In some cases, a trip sitter may be a medical professional, such as the nurses used in psychedelic research or a therapist who performs psychedelic psychotherapy. Sometimes, a tripper will ask another, more experienced user to sit for them. However, the most common trip sitter is a friend or family member whom the drug user trusts.

Although an ideal sitter is one who is both personally experienced with the substance being used, as well as one trained to deal with any potential psychological or medical crisis that may arise, arguably the most important qualities may be the willingness to help, the responsibility needed to stay sober enough to be fully present, and the ability to be relaxed, accepting, and not interfere with the experience beyond the wishes of the user. A sitter should be willing to research the substance in question, and understand when to call for professional medical assistance.

Especially when using a short-acting substance such as smoked DMT or Salvia divinorum, it may be possible for two people to take turns, with one being the sitter while the other takes the psychedelic.

==Common duties==
A responsible trip sitter assists a drug user before, during, and after their experience; it is their responsibility to help the user by making sure they drink enough water, assisting them in moving around when needed, and generally doing whatever necessary to ensure their comfort throughout the trip.

===Before use===
The responsible trip sitter will thoroughly research the substance which will be ingested (as well as the users) in order to answer all potential questions the user may have, and to prepare for any potential crisis situations it may cause. They may have first hand experience of the drug beforehand, but this is not required, with a number of sitters choosing to the culture but not the chemical.
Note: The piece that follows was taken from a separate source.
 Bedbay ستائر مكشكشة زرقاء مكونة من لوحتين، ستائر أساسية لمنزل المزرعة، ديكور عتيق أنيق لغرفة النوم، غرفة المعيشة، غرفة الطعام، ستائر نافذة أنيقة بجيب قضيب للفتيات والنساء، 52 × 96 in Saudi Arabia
The sitter will discuss this research in detail with the user; it is also considered important to talk to the user about any ground rules for the session, how to handle any emergencies that may arise, and what, if any, guidance will be wanted during the trip.
A trip sitter will also frequently help a drug user create a healthy set and setting for the experience. They do this by making sure the user's surroundings are comfortable and orderly, adjusting lighting, temperature, and music (if any) to suit the desired tone of the trip, and overall doing whatever they can to maximize the user's openness to the experience and minimize their fear.
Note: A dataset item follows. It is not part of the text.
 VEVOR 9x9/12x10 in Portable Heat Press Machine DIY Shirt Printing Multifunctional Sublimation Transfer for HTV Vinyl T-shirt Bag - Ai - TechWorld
===During the psychedelic experience===

A sitter typically remains present for the entire experience. In some cases, they may actively guide the experience of the user by adjusting their environment or through guided meditation or visualization. In other cases, they stay uninvolved except when the user has questions, fears, or needs for which the sitter can provide (such as making sure the user drinks enough water). Assistance in facing fears may be especially necessary if the experience turns into a bad trip. In order to maintain the immediate well-being of the drug user, it is important for the sitter to know what situations they can or cannot handle on their own, and when to call for professional medical assistance. The sitter may administer antipsychotic and benzodiazepine trip killers to stop the trip if necessary.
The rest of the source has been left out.